Without the pictures, print the lines from the one holding "Pink Ribbon Earrings, Breast" through the last line below, both included, exactly as they stand.

**COLLECTED DATA**.
____________
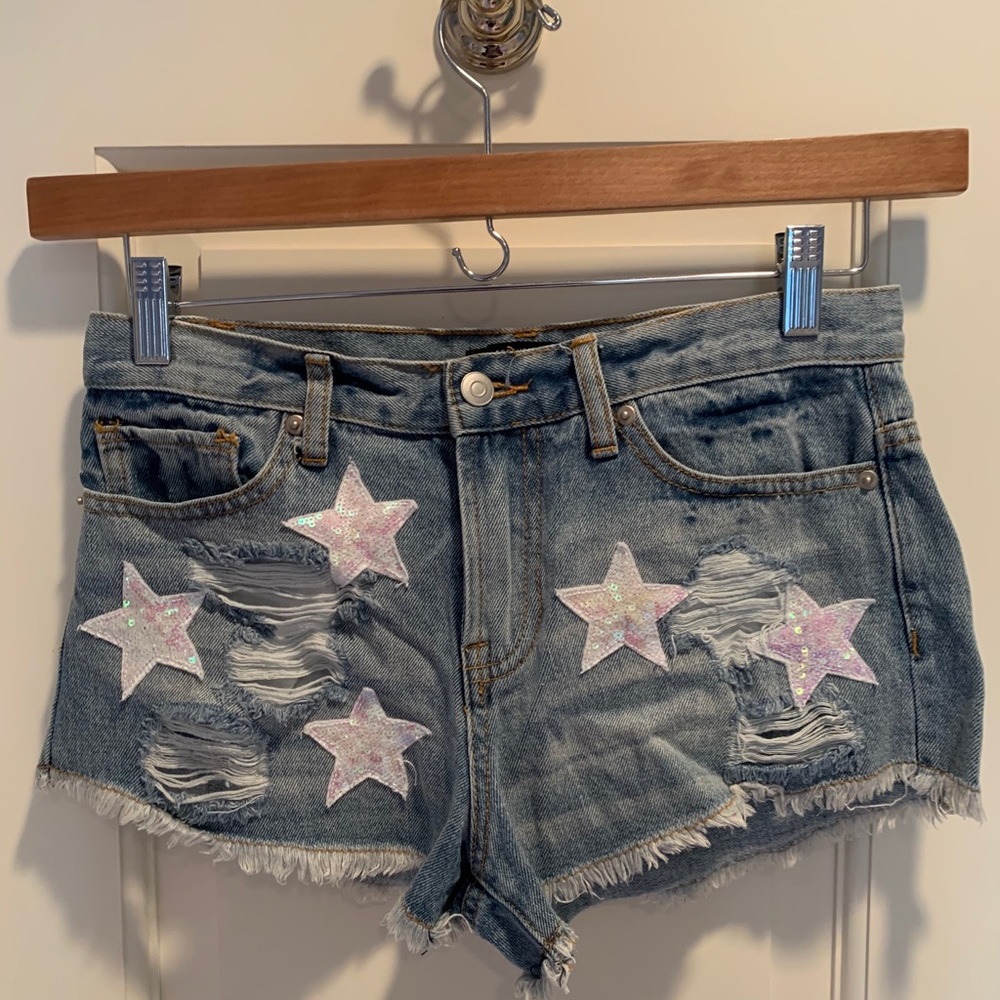 Forever 21 festival star sequin Jean shorts!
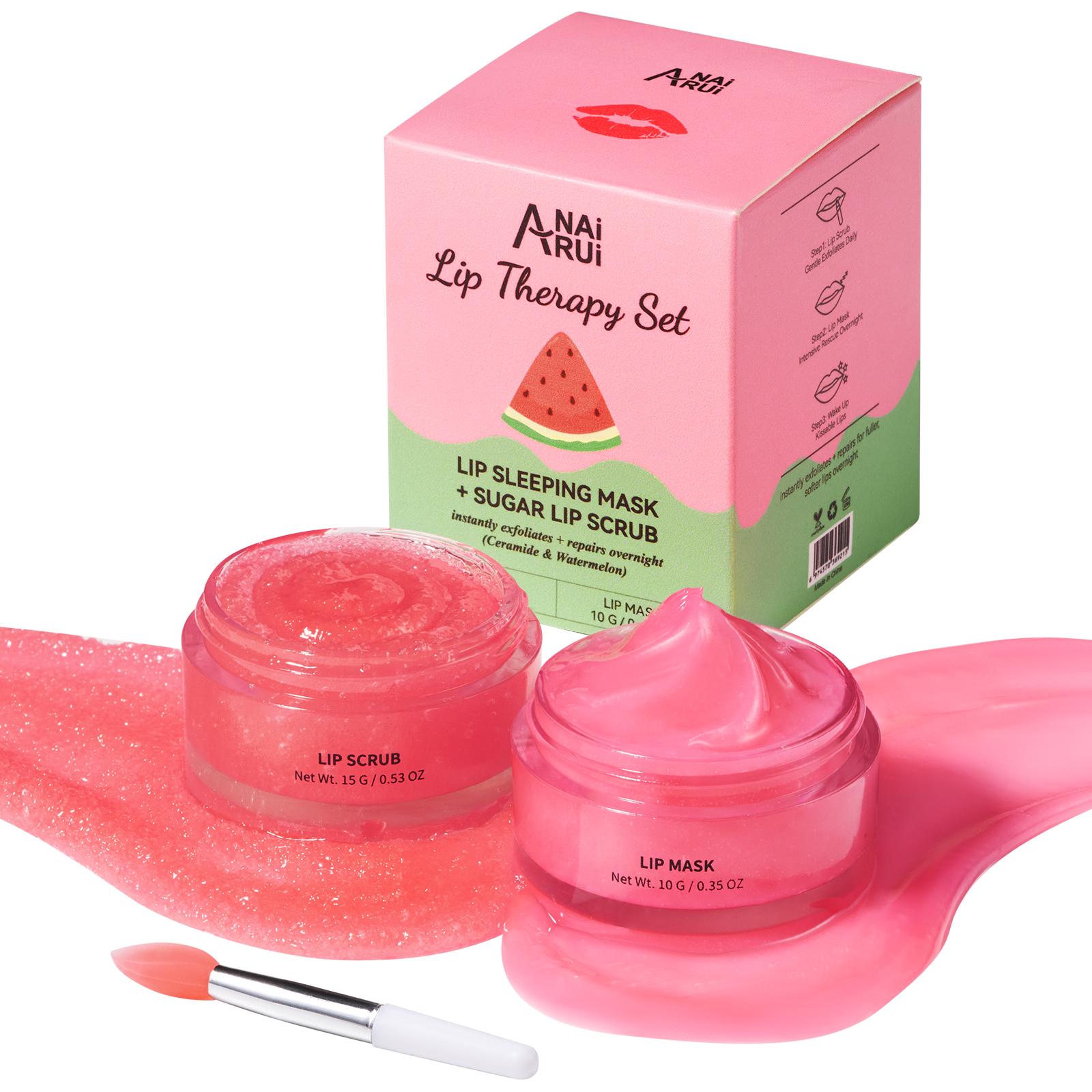ANAiRUi Grape & BakuchiolCeramide & Watermelon Lip Scrub & Lip Mask Set, Overnight Hydrating Plumping Lip Treatment for Dry Dark Chapped Lips 30g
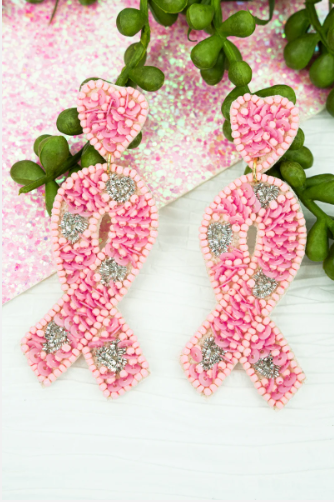 Pink Ribbon Earrings, Breast Cancer Earrings, Pink Ribbon Gifts - The Velvet Strand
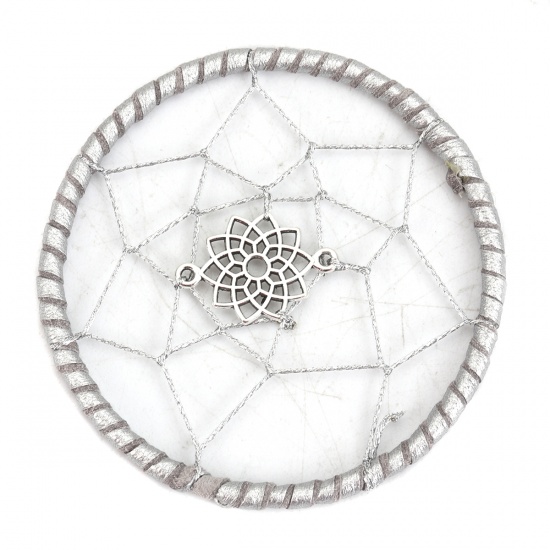 Picture of Zinc Based Alloy & Velvet Dream Catcher For DIY & Craft Silver Round Faux Suede 57mm(2 2/8") Dia., 2 PCs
____________
**RESPONSE TO THIS TASK**.
 Pink Ribbon Earrings, Breast Cancer Earrings, Pink Ribbon Gifts - The Velvet Strand
 Picture of Zinc Based Alloy & Velvet Dream Catcher For DIY & Craft Silver Round Faux Suede 57mm(2 2/8") Dia., 2 PCs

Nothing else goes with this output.